Records from a dataset
--- --- ---
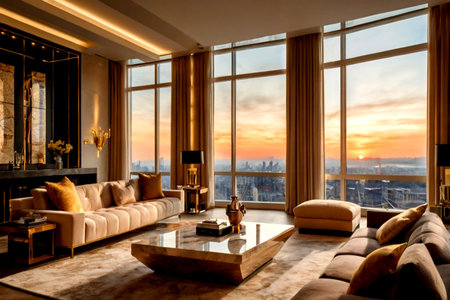 Luxury living room interior with large windows and panoramic city view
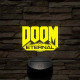 DOOM logo 7 színű 3D led lámpa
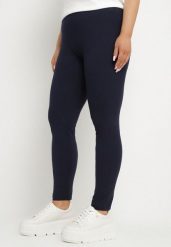 Granatowe Bawełniane Legginsy z Gumką w Pasie Mevora. Niebieskie legginsy damskie Born2be, plus size, bez wzorów, z bawełny. Za 39.99 zł.
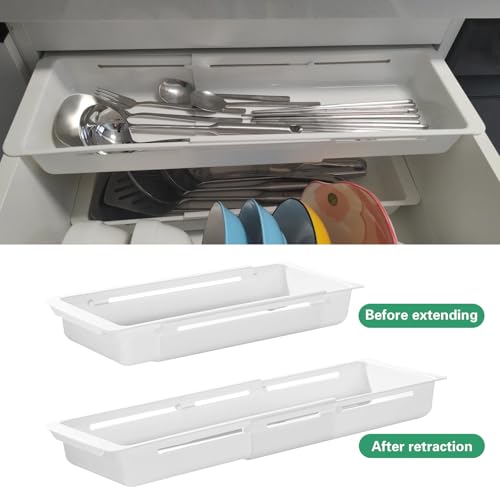 SnowTing 2 PCS Deep Drawer Organizer, 2 Sizes Expandable & Adjustable White Plastic Organizer, Sliding Drawer Storage Bins for Kitchen Utensils, Office Supplies, Cosmetics, Tools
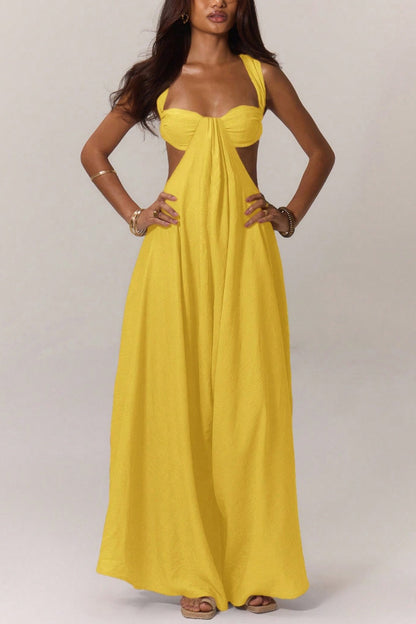 Cardydony Women's Solid Color Casual Camisole Loose Stretch Wide-leg Jumpsuit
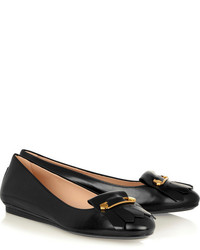 schwarze Leder Ballerinas von Tod's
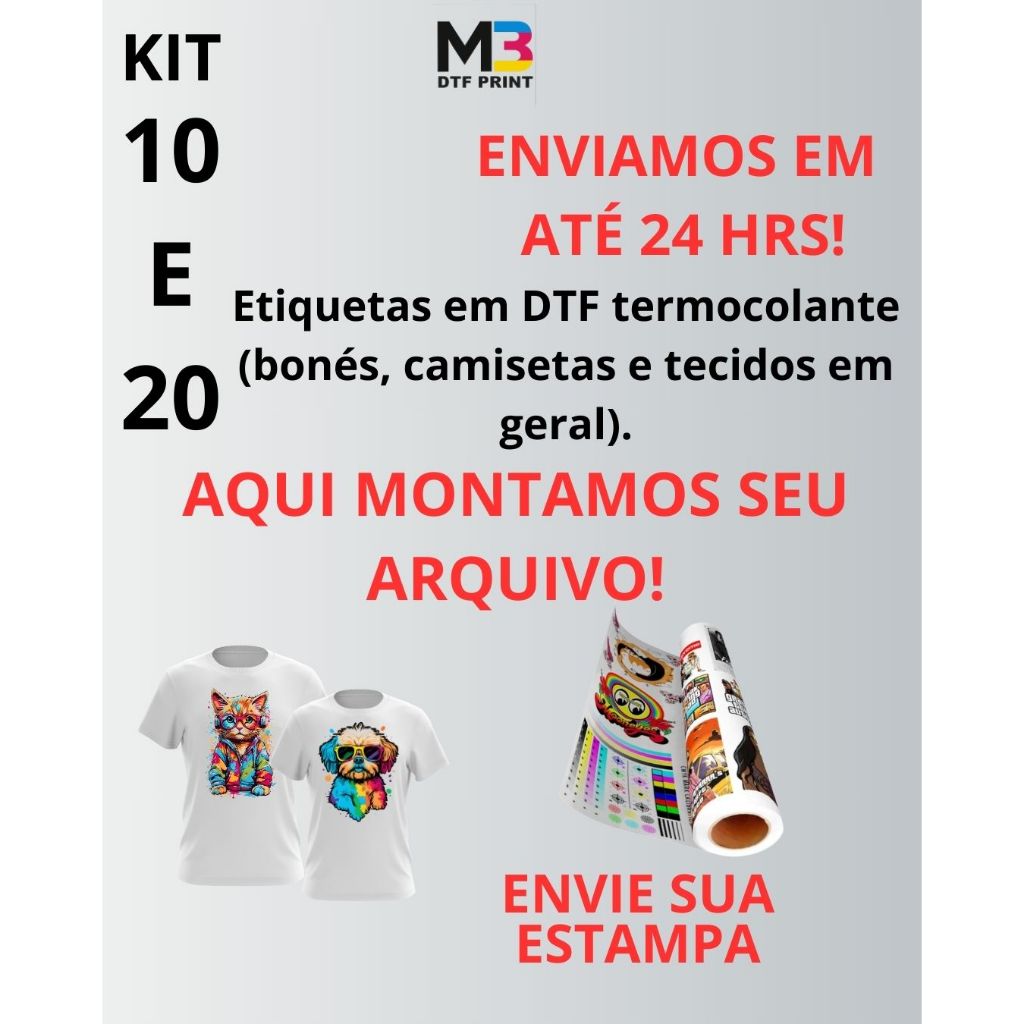 kit 10 ou 20 estampas DTF textil facil aplicar em 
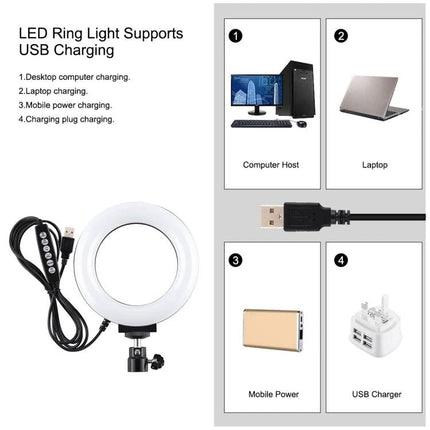 PULUZ Ring Light for Daily Vlogging and Selfies at Home USB-powered LED ring light with clip, remote dimmer and multiple charging options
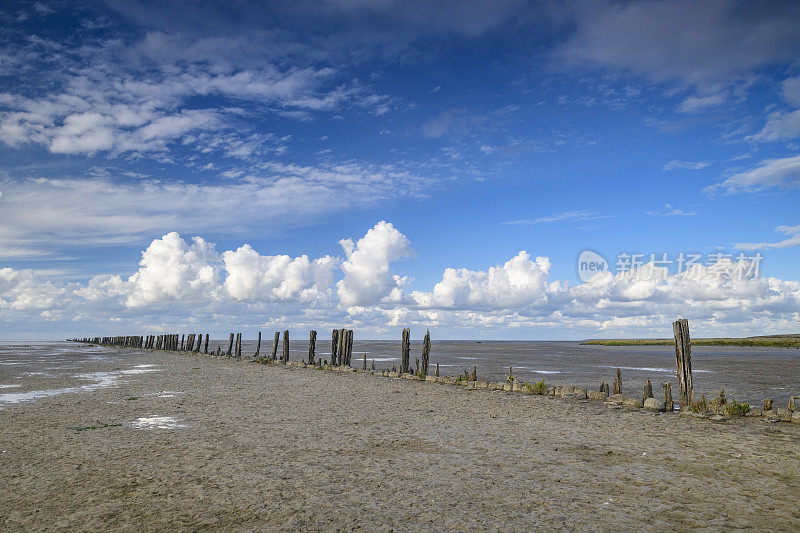 在荷兰北部的瓦登海自然保护区“de Wadden”中，古老的土地开垦柱在空旷的景观中排成一排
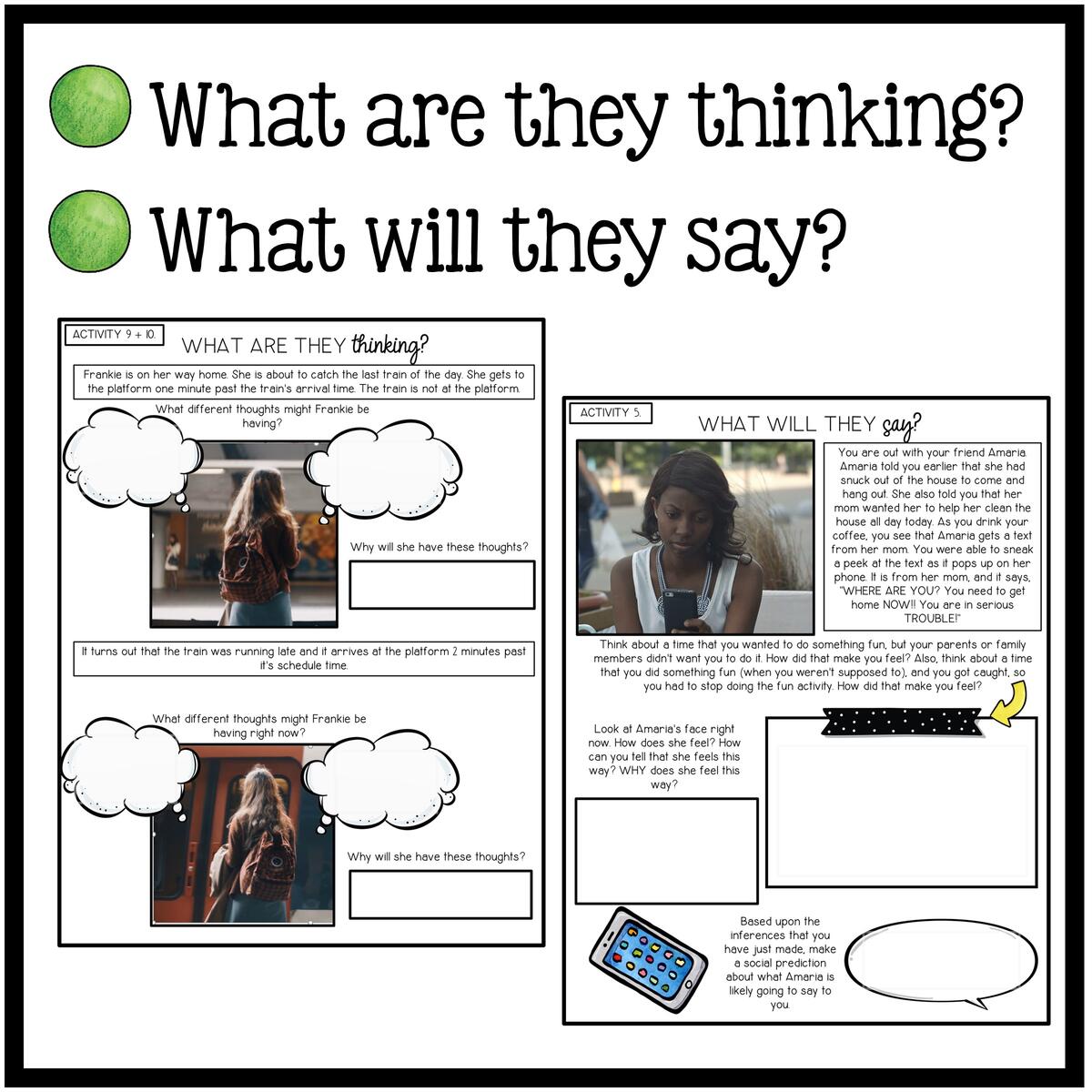 Make A Social Prediction Inference Skills Teens SEL Social Skills Worksheets Classful
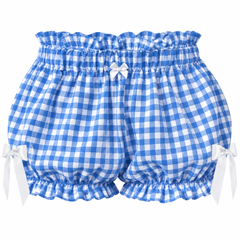 Women’s Gingham Ruffle Bloomer Shorts with Bow Detail - back view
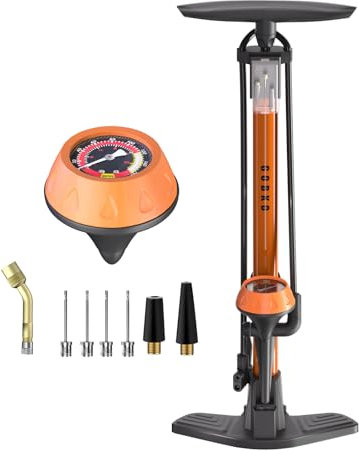 GOBKO Fahrradpumpe Luftpumpe Fahrrad Französische Ventile mit Manometer, Luftpumpe für Rennrad MTB Sportballpumpe Hochdruck 160 Psi und 11 Bar
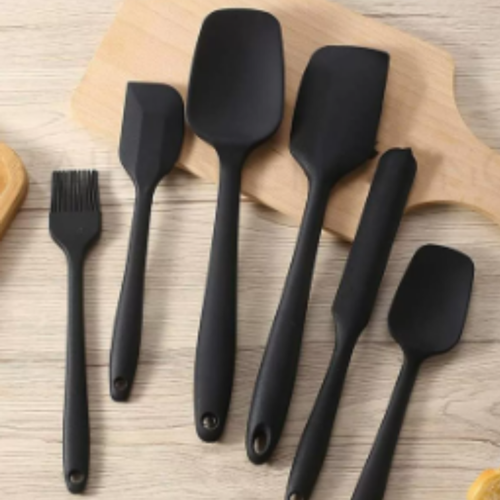 6lı Takım Silikon Yanmaz Yapışmaz Mutfak Pasta  Yumurta Fırçası Kaşık Bıçak Spatula Seti
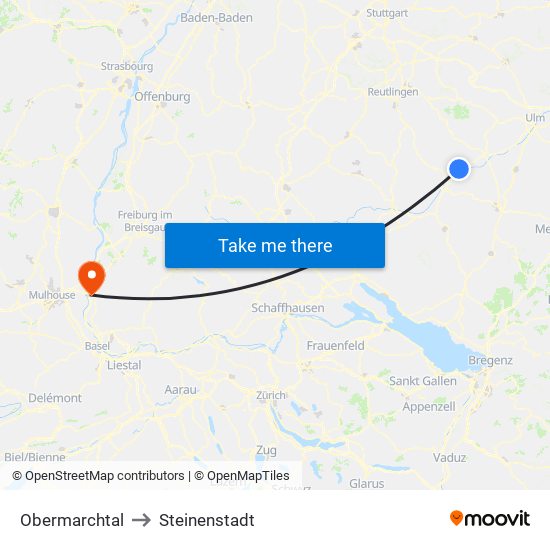Obermarchtal to Steinenstadt map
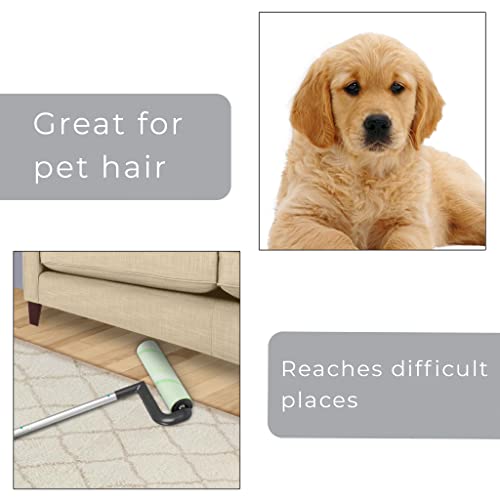 Smart Design Large Mega Floor Lint Roller with Ergonomic Handle - Aluminum Tubes - Includes Adhesive Sheets - for Cleaning, Carpet, Car, Clothing, and Pet Hair - 12.5 x 42 Inch - size: 50 Sheets (Pack of 2)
--- --- ---
Problem description -> Please transcribe exactly the lines from the start of the records through the line containing "GOBKO Fahrradpumpe Luftpumpe", leaving the pictures out.

Answer to this task ->
 Luxury living room interior with large windows and panoramic city view
 DOOM logo 7 színű 3D led lámpa
 Granatowe Bawełniane Legginsy z Gumką w Pasie Mevora. Niebieskie legginsy damskie Born2be, plus size, bez wzorów, z bawełny. Za 39.99 zł.
 SnowTing 2 PCS Deep Drawer Organizer, 2 Sizes Expandable & Adjustable White Plastic Organizer, Sliding Drawer Storage Bins for Kitchen Utensils, Office Supplies, Cosmetics, Tools
 Cardydony Women's Solid Color Casual Camisole Loose Stretch Wide-leg Jumpsuit
 schwarze Leder Ballerinas von Tod's
 kit 10 ou 20 estampas DTF textil facil aplicar em 
 PULUZ Ring Light for Daily Vlogging and Selfies at Home USB-powered LED ring light with clip, remote dimmer and multiple charging options
 在荷兰北部的瓦登海自然保护区“de Wadden”中，古老的土地开垦柱在空旷的景观中排成一排
 Make A Social Prediction Inference Skills Teens SEL Social Skills Worksheets Classful
 Women’s Gingham Ruffle Bloomer Shorts with Bow Detail - back view
 GOBKO Fahrradpumpe Luftpumpe Fahrrad Französische Ventile mit Manometer, Luftpumpe für Rennrad MTB Sportballpumpe Hochdruck 160 Psi und 11 Bar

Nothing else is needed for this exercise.